◆ WHAT IS BEING ASKED
Transcribe each of the records below exactly, excluding all pictures.

Recorded data:
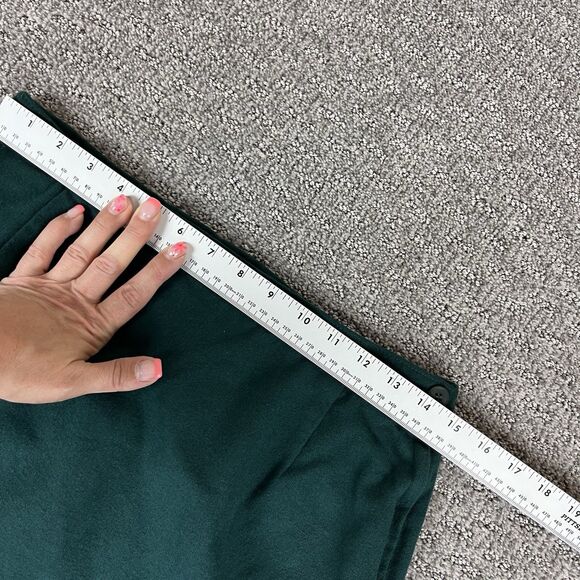 Vintage Pendleton Skirt Womens Fourteen 70s 80s Midi A Line Wool Retro Green - Picture 7 of 11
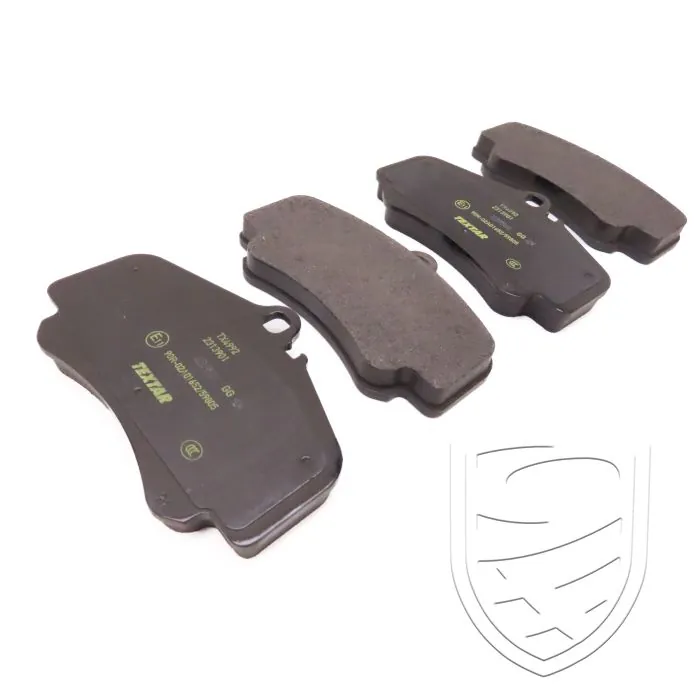Plaquettes de frein TEXTAR, essieu avant pour Porsche 996 4S/Turbo/GT2/GT3 997 C2S/C4S/GTS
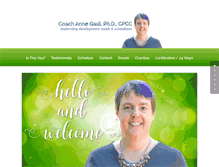 Tablet Screenshot of annegaal.com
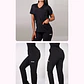 Dúo Clínico Delantal Elasticado + Pantalón PM Negro - Miniatura 1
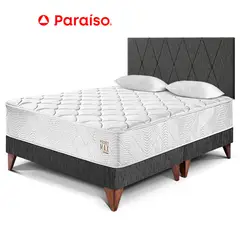PARAISO - Dormitorio Loft Max King Europeo Charcoal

◆ SOLUTION FOR THIS TASK
 Vintage Pendleton Skirt Womens Fourteen 70s 80s Midi A Line Wool Retro Green - Picture 7 of 11
Plaquettes de frein TEXTAR, essieu avant pour Porsche 996 4S/Turbo/GT2/GT3 997 C2S/C4S/GTS
 Tablet Screenshot of annegaal.com
 Dúo Clínico Delantal Elasticado + Pantalón PM Negro - Miniatura 1
PARAISO - Dormitorio Loft Max King Europeo Charcoal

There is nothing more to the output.